── RECORDS TO PROCESS

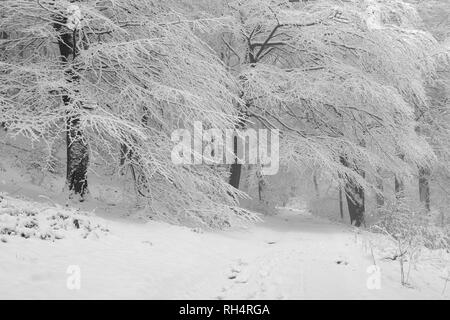 Snowy Winter Wonderland scènes prises à Lyme Park, une propriété du National Trust sur le bord du parc national de Peak District. Banque D'Images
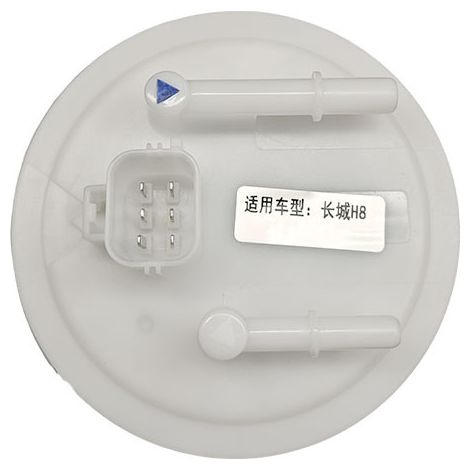 The new fuel pump assembly is compatible with the Great Wall H8 fuel pump 1106100XKW09A. (Model: 1106100XKW09A)--BIEMMEDUE (1/4)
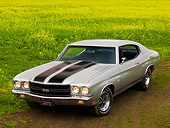 AUT 23 RK1775 01
1970 Chevrolet Chevelle SS 454 Silver And Black Stripe 3/4 Front View In Field Of Yellow Wildflowers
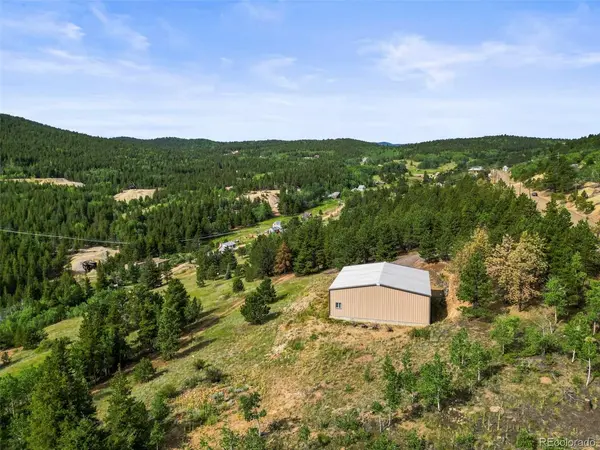 6660 Virginia Canyon, Central City, CO 80427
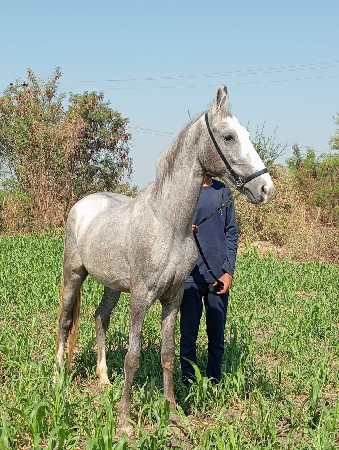વસેરી વેચવાની છે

────

> AIM OF THE EXERCISE: Give the data above back unchanged, except for the pictures.

> TASK ANSWER:
 Snowy Winter Wonderland scènes prises à Lyme Park, une propriété du National Trust sur le bord du parc national de Peak District. Banque D'Images
 The new fuel pump assembly is compatible with the Great Wall H8 fuel pump 1106100XKW09A. (Model: 1106100XKW09A)--BIEMMEDUE (1/4)
 AUT 23 RK1775 01
1970 Chevrolet Chevelle SS 454 Silver And Black Stripe 3/4 Front View In Field Of Yellow Wildflowers
 6660 Virginia Canyon, Central City, CO 80427
વસેરી વેચવાની છે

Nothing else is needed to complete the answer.